Crooks Character Analysis
In the novel, the character is given that name because he has a crooked back. As a character, he is used by the author to explain the effect of discrimination. He stays alone because he is the only black worker in the ranch. The first characteristic he has is pride. Even though he is discriminated, he does not want to show other people that he is weal. He tells Lennie that since he is not allowed to go where the other white workers live, his privacy should be respected as well. He does not expect the other people to come where he lives. He wants to maintain his self-respect even when lonely.
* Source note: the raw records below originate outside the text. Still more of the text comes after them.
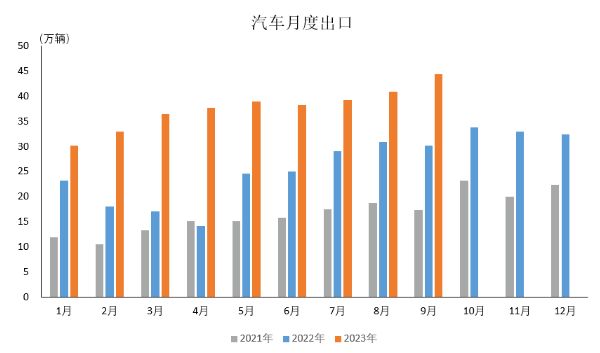 跃升全球最大出口国 多管齐下直面差距与挑战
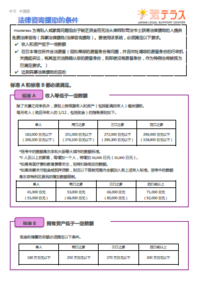 法律咨询援助的条件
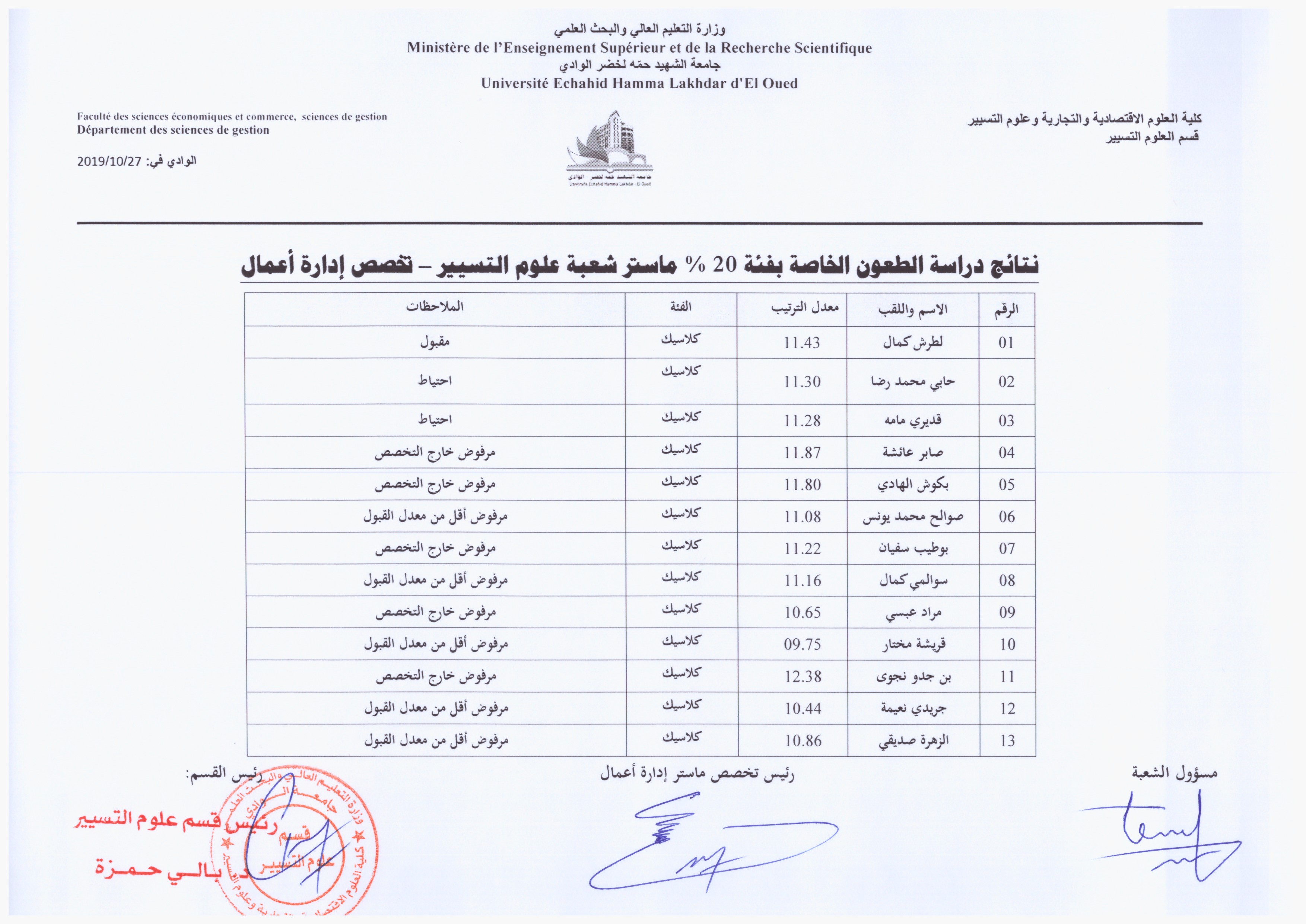 نتائج دراسة طعون ماستر إدارة أعمال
Despite his loneliness, Crooks is friendly. At first, he threatens Lennie not to come into his room. However, his resistance wears out, and he strikes a conversation with him. This shows that Crooks yearns for company. Additionally, he also welcomes Candy to enter his room. They are involved in a friendly conversation until Curley’s wife shows up. Though he finds the idea of George and Lennie buying a ranch obnoxious at first, he wants to join then when he hears how they intend to accomplish it. This shows just how much Crooks would like to make new friends.
Crooks is strong-willed. Even though he is mistreated on the farm, he believes that life has to move on. Discrimination is not a situation that anyone can find easy to deal with. Though he is the only black worker on the farm, he lives his life.
His intelligence is seen as the things found in his room. First, there is an old dictionary. That shows that Crooks has a hunger to acquire and apply the knowledge learned. There are also raw materials and spectacles. All these materials show that Crooks is a lover of things that nourish his brain. However, given the conditions that the black people lived in during the period the book is written, it is obvious that Crook’s quest for enlightenment may not help him much.
Additionally, Crooks is fearful. When Curley’s wife threatens him that he will tell people he tried to rape her, he feels uncomfortable. The reader can deduce that this fear is caused by the fact that Crooks does not mention that he has any other home. Being black, he sometimes has to put up with unfair treatment.